Like scholarships, most grants target undergraduates. To get federal funding, you must fill out the Free Application for Federal Student Aid, or FAFSA. The FAFSA determines eligibility for need-based grants like the Pell Grant and the Federal Supplemental Educational Opportunity Grant. To avoid taking out student loans, apply for grants early and often. Also apply for outside scholarships, because eligibility does not guarantee federal funding. Grant awards change annually, and are set by the government.
If you are targeting a particular field of study, talent, or athletic program, look for grants that specifically for that interest. Professional organizations also offer awards. Most of the awards are need-based like federal awards. Some consider community service and academic merit. Academic grants and college-based grants are also popular. For example, The University of Notre Dame has an Undergraduate Research and Teaching Opportunity Program for summer students interested in independent research and creative projects. If you are passionate about a particular field, notify your college because they can offer grants that are not on your FAFSA.
Grants for Advanced Degrees
Grants for graduate students are harder to find but are very generous, especially in research-related fields. For example, the The Geological Society of America offers grants for graduate and professional students in geological research. Also, government agencies like the Environmental Protection Agency funds research in environmental studies and human health. Grants for advanced degrees typically fund more than the cost education. This includes internships, career-advancement opportunities and research positions to boost a resume. There are great opportunities for low-income students, women, and minorities.
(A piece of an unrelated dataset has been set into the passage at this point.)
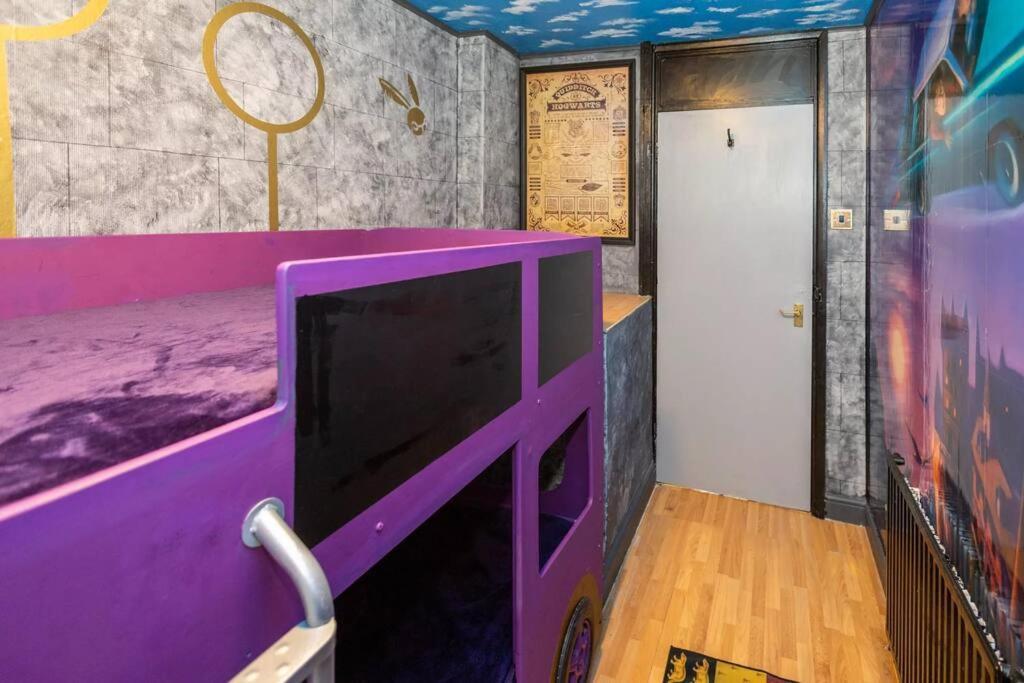 Hogwarts Hideaway Themed Property Watford  Exterior photo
For example the U.S. Department of Housing and Urban Development funds low-income graduate pursuing careers in community planning and development. Grants for advanced degrees are usually awarded by your intended college/university, but there are a few federal grant opportunities. If you’re getting a PhD, look for assistantships and fellowships that have full-rides at your school or in your program.
If you’re an adult returning to school after working professionally, check with your employer for funding opportunities. Some private companies and large corporations offer scholarship and grant opportunities for employees looking to further their educations. Some employers even offer promotions after completing the program. If you participate in a company scholarship or grant program, expect to work for that company after graduation.